Jet cleaning devices are used to remove materials from surfaces either in preparation for the application of a coating or as part of routine maintenance. These devices are often used to remove coatings such as paints, primers, and varnishes from common substrate materials such as steel, aluminum or concrete. There are numerous well known applications for jet cleaning devices in the manufacture and maintenance of aircraft, automobiles, ships, pipes, buildings, bridges, storage tanks, structures, etc.
In general, jet cleaning devices are comprised of one or more pumps which supply a jet of liquid, generally water, at high pressure, to the surface to be cleaned. The high pressure liquid is directed at the surface to be cleaned through one or more nozzle devices which produce a jet or jets which are guided along the surface to be cleaned. In the prior art, the jet producing device is generally mounted to, or part of, a hand held device such as a jetting gun or lance. In some cases, multiple nozzle devices are rotated by the force of the jet stream or by a drive assembly in order to clean a larger surface area than would be cleaned by a single jet stream.
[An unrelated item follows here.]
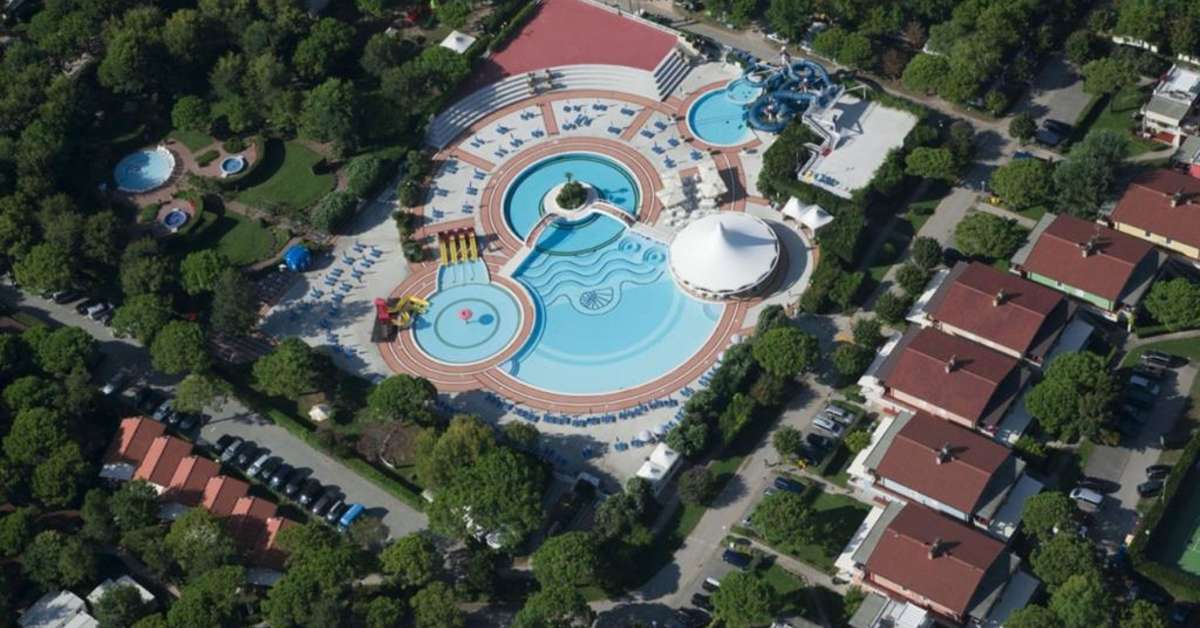 Een foto van het zwembad bij Sant'Angelo Village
The weight and/or thrust produced by larger rotational multiple nozzle devices prevents utilization in a hand held format.
The efficiencies of the prior art devices are dependent upon several well known factors. In order to obtain optimum cleaning or coatings removal efficiencies, the distance from the jet producing nozzle(s) to the surface to be cleaned (known as stand-off distance) must be closely controlled. Also, in order to obtain optimum cleaning or coatings removal efficiencies, the speed at which the jet producing nozzles are guided along the surface to be cleaned (known as nozzle pass rate) must be closely controlled. The prior art devices are limited in their ability to control the standoff distance and the rate at which the jet producing nozzles are moved along the surface to be cleaned.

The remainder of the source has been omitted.